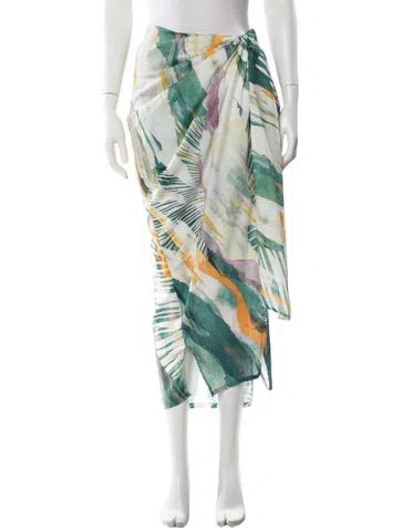 Pre-owned Andrea Iyamah Printed Midi Length Skirt In Green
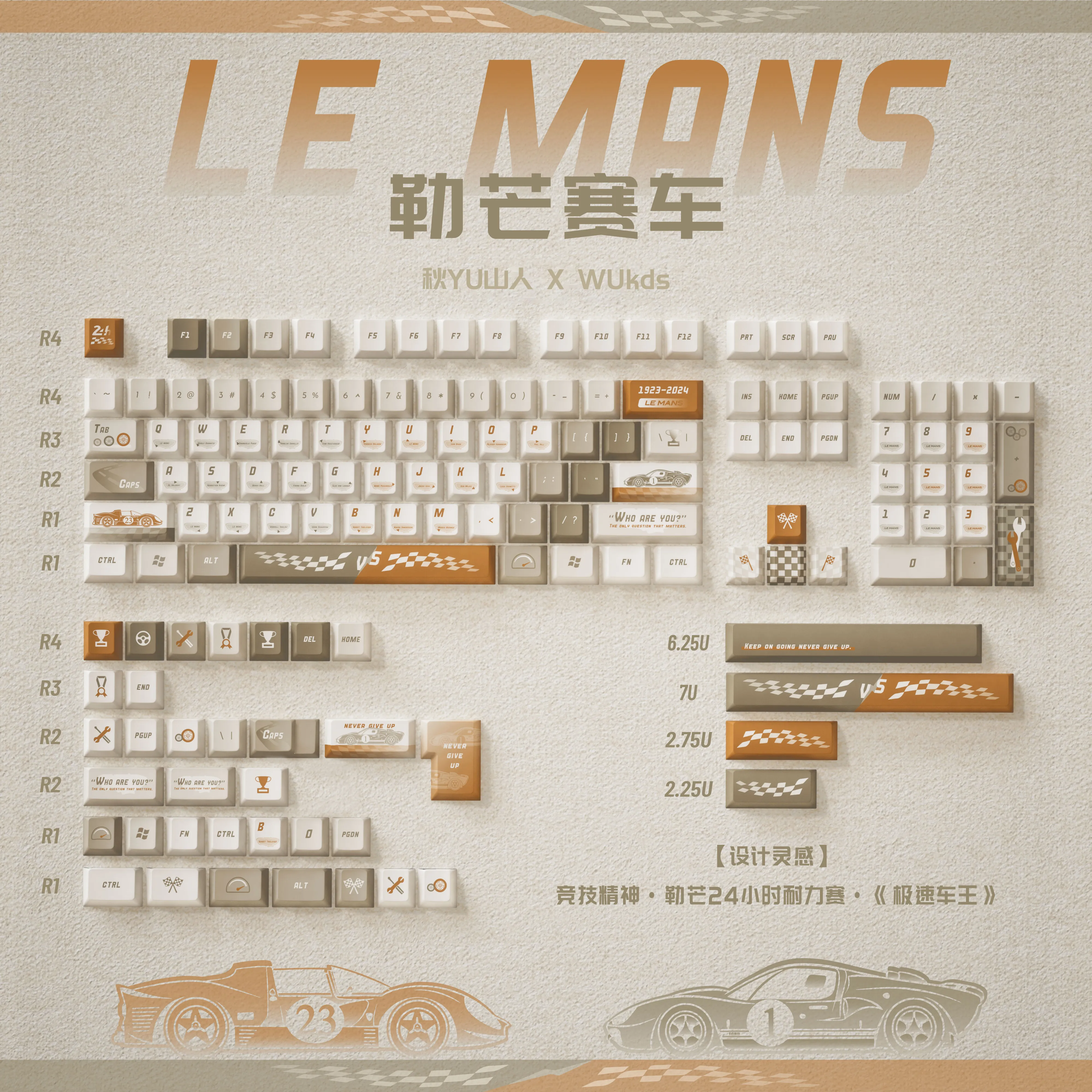 141 Le Mans keycaps PBT Cherry Profile keycaps for MX Switch mechanical keyboard original design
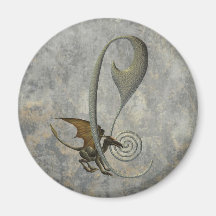 Gargoyle Monogram C Fridge Magnet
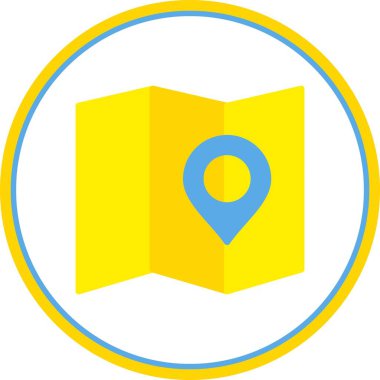 Gps Düz Çember Vektör Simgesi Tasarımı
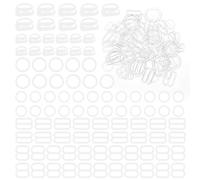 60 Pcs Bra Strap Hooks Assorted Size Styles Dress Strap Clip Bra Strap Shortener Adjusters for Straps, Small Clear Strap Adjuster for Sewing Bikini Halter Swimsuit Tops Lingerie Rings Suit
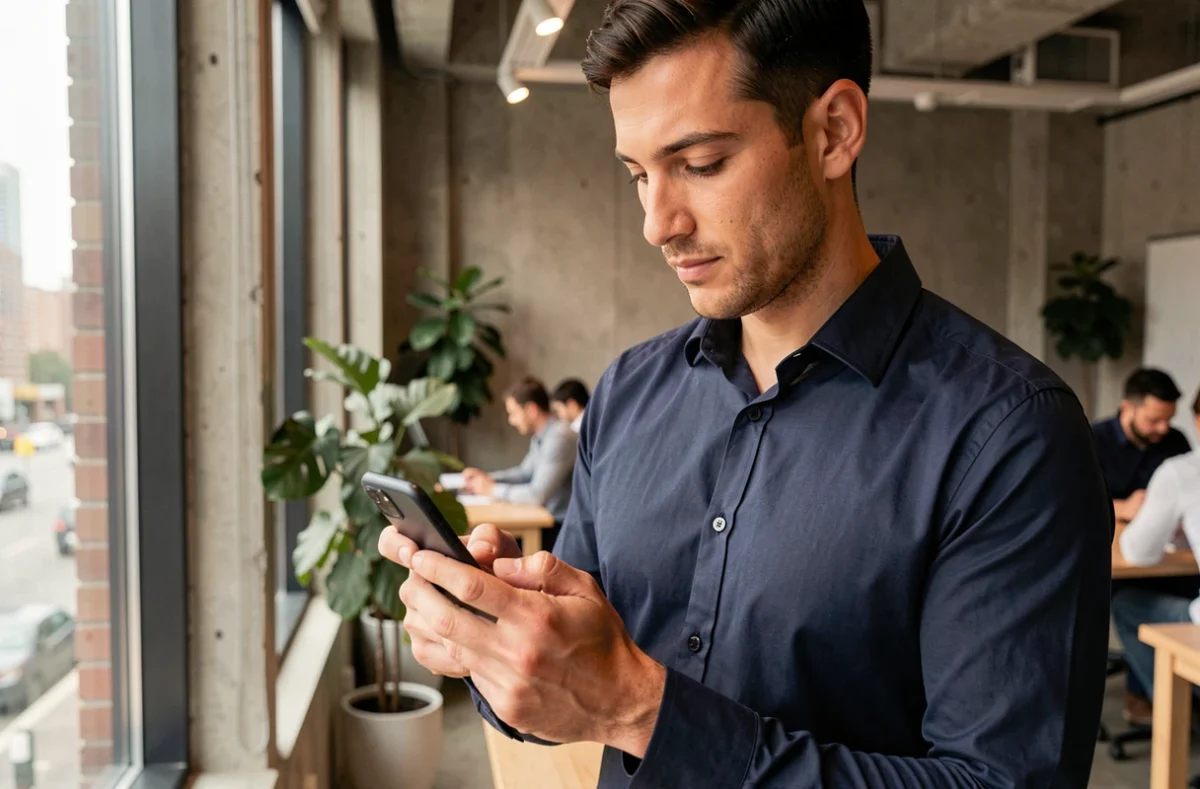 Homme consultant son compte Advango sur smartphone dans un espace de coworking moderne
_ _ _ _ _ _ _
* _Problem_: Write out, with no pictures, only the lines from the line containing "141 Le Mans" through the last line of the listing above, exactly and with both ends included.

* _Exercise result_:
 141 Le Mans keycaps PBT Cherry Profile keycaps for MX Switch mechanical keyboard original design
 Gargoyle Monogram C Fridge Magnet
 Gps Düz Çember Vektör Simgesi Tasarımı
 60 Pcs Bra Strap Hooks Assorted Size Styles Dress Strap Clip Bra Strap Shortener Adjusters for Straps, Small Clear Strap Adjuster for Sewing Bikini Halter Swimsuit Tops Lingerie Rings Suit
 Homme consultant son compte Advango sur smartphone dans un espace de coworking moderne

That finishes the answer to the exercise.